On Friday afternoon TAM’s WIR echoed the “Talk of the Town” as all the pundits clamored on how the SPX has just completed 6 down weeks in a row; which is the first since 2002. This statistic is amazing considering the largest bear market in history (since the Great Depression) was in 2008. Interestingly enough the markets haven’t really seen any kind sort of devastation as of yet. On that note, the extremely bearish weekly Double Tops have brought the markets back to their beginning of the year levels.
With the patterns in place and both containing Stochastic & Volume Divergences, the likelihood is that necklines will be broken at some point this summer. If/when this happens we’ve technically determined the most likely support, based on measured moves and prior converging trend lines.

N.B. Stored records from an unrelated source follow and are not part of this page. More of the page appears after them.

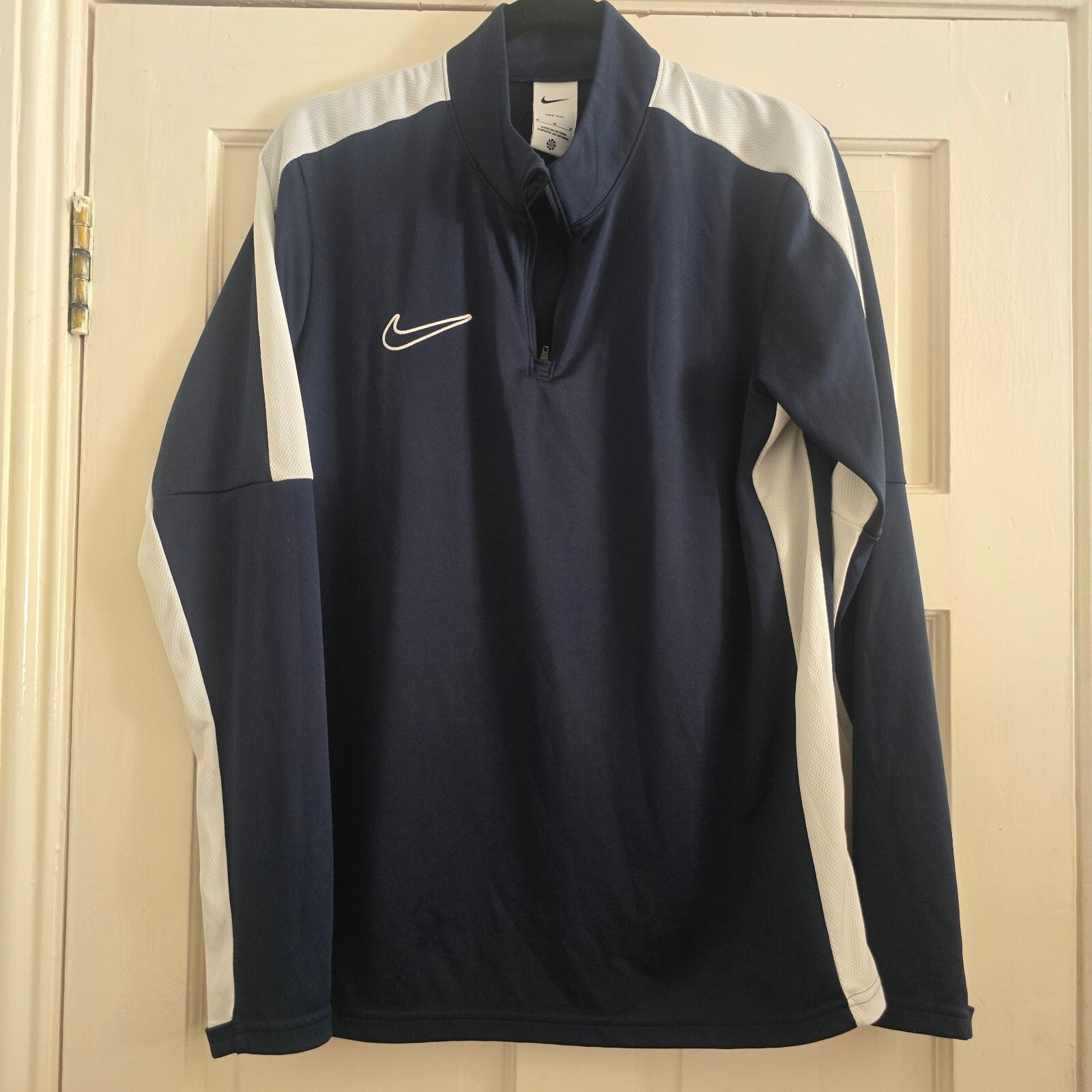 Nike Dri-FIT Navy Blue and White Long Sleeve Sports Top Size M, Mens, Unisex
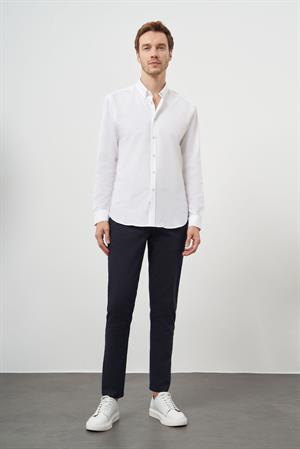 Morven Erkek Beyaz Pamuk Trend Düğmeli Yaka Dynamic Fit Gömlek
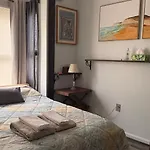 Private Rooms, Shared Bath In A Private Home Minutes From Logan Airport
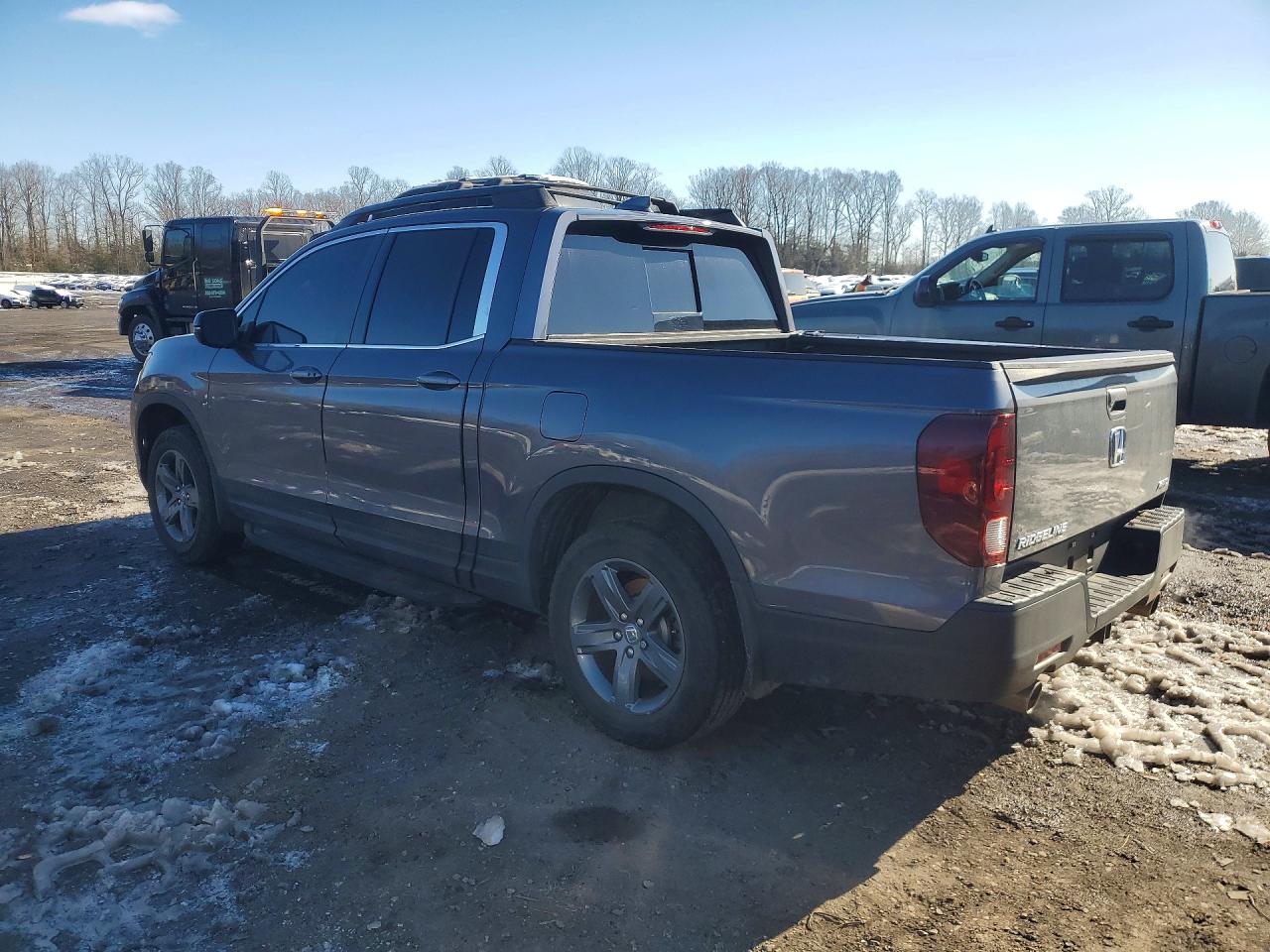 2023 Honda Ridgeline VIN 5FPYK3F58PB048642 photo 2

Given the velocity of this downturn it is difficult to determine if there will be a meaningful bounce off the necklines. It was not more than two weeks ago the SPX was pushing 1,350 and the NDX pushing 2,400. As of Friday’s close all Four Sisters are within spitting distance of their respective 200-DMA’s (corresponding to their necklines).
200-DMA vs Friday’s Close
SPX 1,253 vs. 1,271 1.4%
NDX 2,215 vs. 2,221 0.2%
DJIA 11,687 vs. 11,951 2.2%
RUS 768 vs. 779 1.4%
If the sisters do in fact show some resilience at these levels, it will present an opportunity for traders to play the bounce with limited risk, allow investors to reposition with a greater short weighting or simple hedge further. Whichever the case; break now, don’t break now; keep your wits about you, always start the day with a plan and be decisive when making a decision.
“Education Breeds Confidence, Confidence Breeds Conviction and Conviction is the most essential ingredient to Success.”